The data.
============================================================
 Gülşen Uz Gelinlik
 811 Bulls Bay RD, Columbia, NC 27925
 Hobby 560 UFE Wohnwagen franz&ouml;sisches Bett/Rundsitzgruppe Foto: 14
============================================================
What to do. Reproduce the data in its entirety, matching each character.

Answer to this task.
 Gülşen Uz Gelinlik
 811 Bulls Bay RD, Columbia, NC 27925
 Hobby 560 UFE Wohnwagen franz&ouml;sisches Bett/Rundsitzgruppe Foto: 14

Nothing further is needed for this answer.